The above result is significant, both for synthesis and implementation.

For synthesis, rather than solving one Riccati equation with state dimension \(nN\), we need to solve two Riccati equations with dimension \(n\). Thus, the complexity of computing the optimal controller gains does not depend on the number \(N\) of subsystems.

For implementation, each subsystem does not need access to the global state \(\pmb x_t\); instead it just needs access to the mean-field \(\bar x_t\) in addition to its local state \(x^i_t\).

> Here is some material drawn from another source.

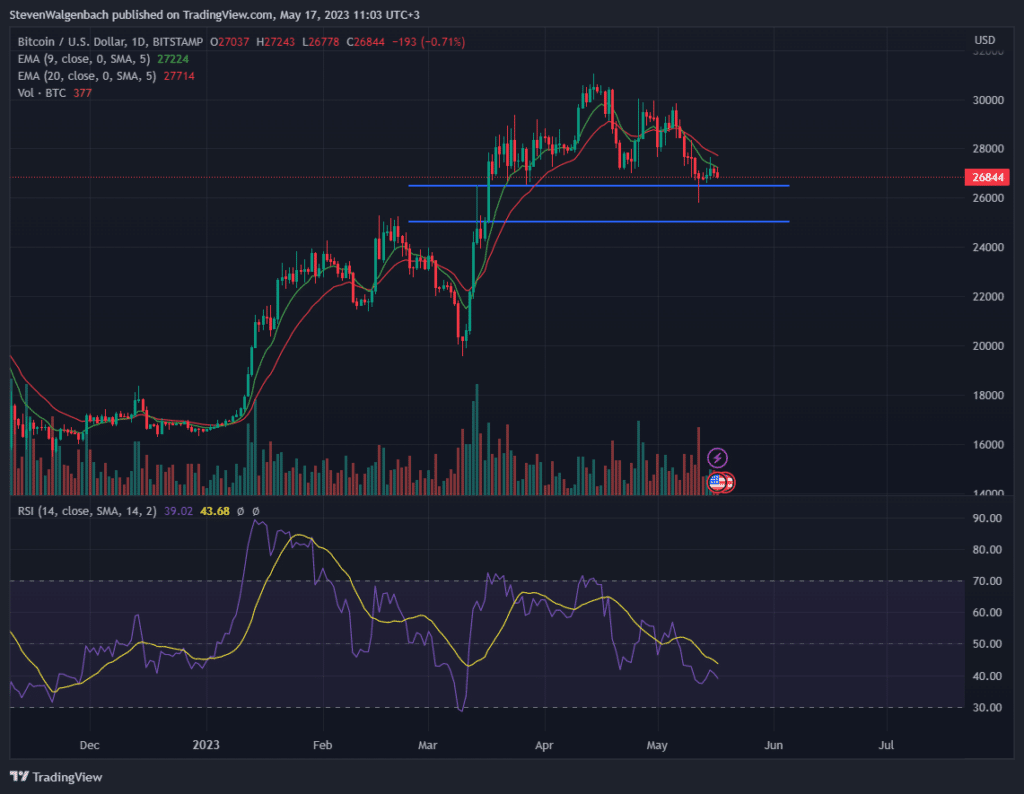 btc could drop to 25k and eth could climb to 10k says trader 6464ca2ce67c3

## 29.2 Network coupled subsystems

## Notes

The results for mean-field control are adapted from Arabneydi and Mahajan (2016). The discussion above is restricted to the simplest setting of homogenous subsystems. Generalization to hetrogeneous subsystems and infinite horizon settings are also presented in Arabneydi and Mahajan (2016). A similar result for \(N \to \infty\) is also presented in Elliott et al. (2013).

The results for network coupled subsystems are adapted from Gao and Mahajan (2022).